## Given information
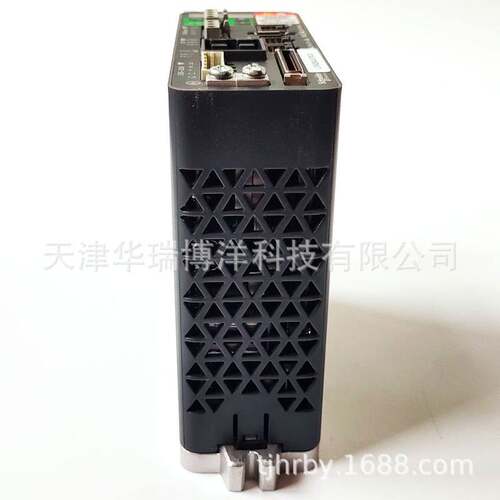 伺服驱动器LXM28AU07M3X伺服驱动器紧凑型外壳无EMC 滤波器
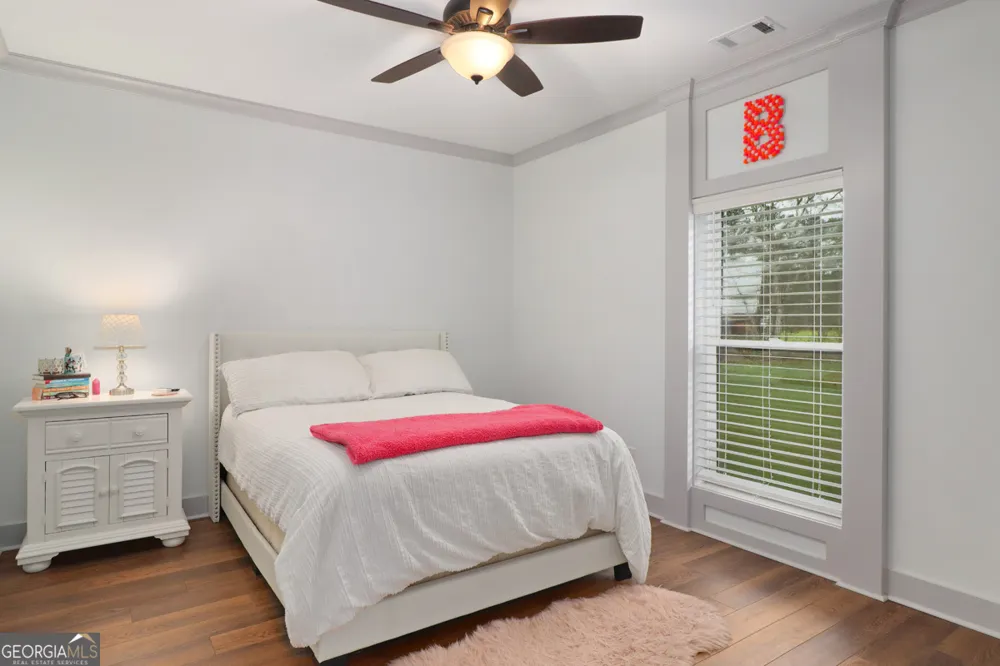 3064 Little McCall RD Rincon, GA 31326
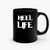 Heel Life Ceramic Mugs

## Task statement
Beginning with the line that contains "3064 Little McCall RD Rincon, GA 31326" and ending with the last line of the data, restate each line word for word. Exclude the pictures.

## Reply
 3064 Little McCall RD Rincon, GA 31326
 Heel Life Ceramic Mugs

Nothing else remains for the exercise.